While I'm not a fan of any of the component nibs, some can be tuned to write decently, not great but decent. But you said she wants the best so I would upgrade to a nib that she would find a lot better than just decent...


----------



## Brooks803 (Mar 17, 2012)

I'm in agreement for the Jr. Statesman. It's a very classy component set and I bet the gator bone will look great with it. If that's not the way to go I'd vote for the Nouveau. My wife has been using one with an upgraded nib for atleast a year now. She loves it and it is very nice to write with. The 5mm Bock nibs are a perfect replacement for the stock nibs.


----------



## DavidWayne1971 (Mar 17, 2012)

OKLAHOMAN said:


> While I'm not a fan of any of the component nibs, some can be tuned to write decently, not great but decent. But you said she wants the best so I would upgrade to a nib that she would find a lot better than just decent...


 
sent you a pm. 

Thanks guys, I do believe I'm going to take the audiences advice and go with the Jr Statesman, final answer. :biggrin: I will definitely let yall know what she thinks about it.


----------



## Stevej72 (Mar 17, 2012)

I guess I'm too late, my suggestion was going to be the Jr. Statesman, too.


----------



## Dan_F (Mar 18, 2012)

Well, it may be too late, but I would ask at least two questions about her existing pens. Does she prefer heavy or light, and does she prefer a skinny section or a fat section (the part you grip when writing.) If these aren't right, it won't matter much whether it's made of gator bone, it probably won't end up getting used that often if she already has some fountain pens.

Dan


----------



## PenMan1 (Mar 18, 2012)

I really like your idea about the Broadwell Scepter. The section and finial are some of the most elegent "pen parts" available AT ANY PRICE.

Additionally a Schmidt converter fits into the Nouveaux without fuss or muss (NOT always the case with the Dayacom and Berea models). The Broadwell also accepts a #5 replacement nib without any yutzing. 

My experience has been that the Broadwell with a Bock fine nib and a Private Reserve velvet black cartridge flows more smoothly than any other component set I build.
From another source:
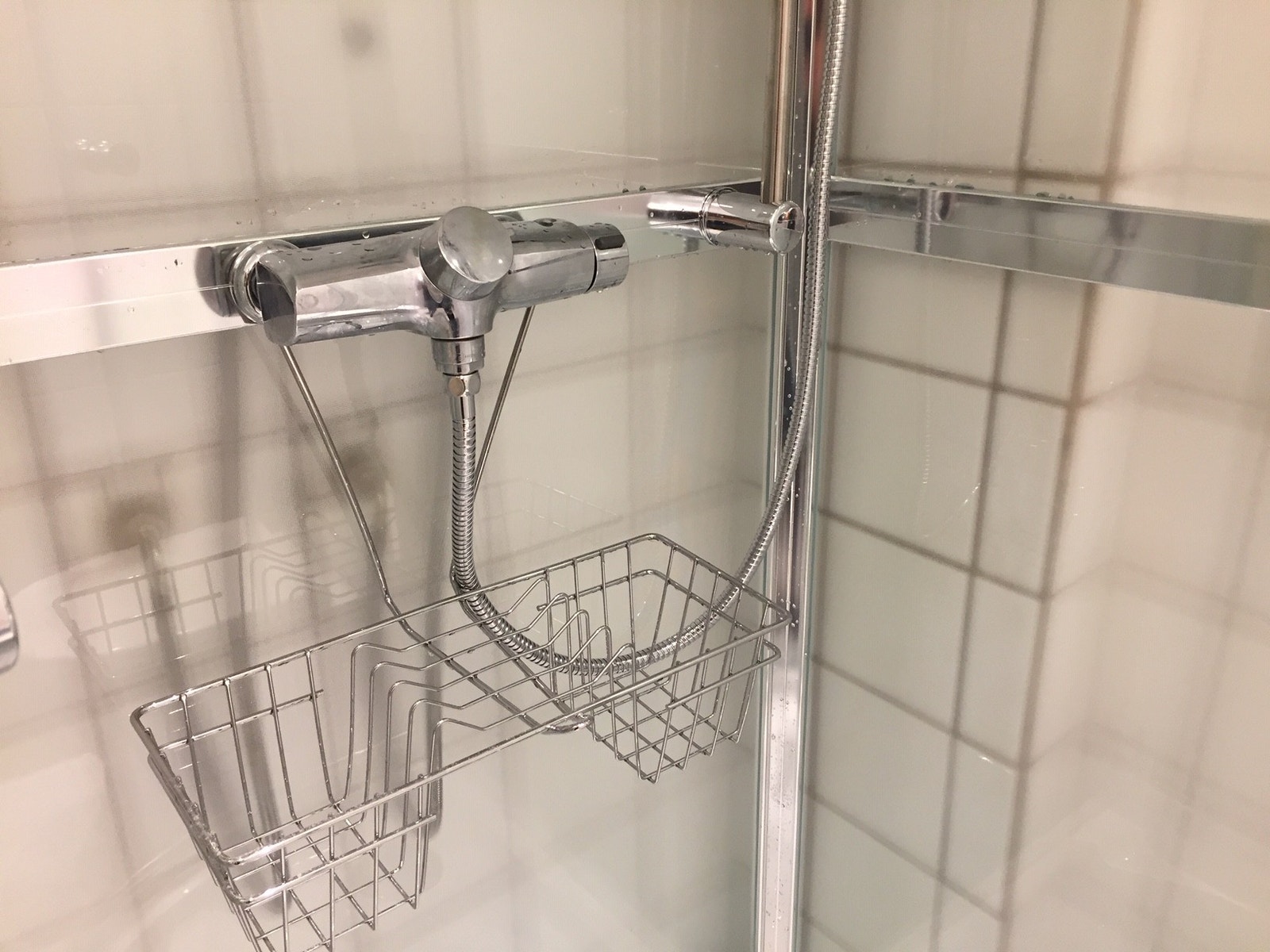 Nytt dusjkabinett og blandebatteri. Galleribilde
I just not EXACTLY SURE how gator jaw will look on such an ornate hardware set.  IMHO, the Nouveaux Septre is somewhat a feminine set (I sell more of them to women) and gator is somewhat masculine. It could be a "mismatch".

Respectfully submitted.


----------



## PenMan1 (Mar 18, 2012)

Oh, and


----------



## PenMan1 (Mar 18, 2012)

Oh, and by the way, the Vertex IS limited to the factory nib (unless you want to rechase  the section threads and use a third party feed).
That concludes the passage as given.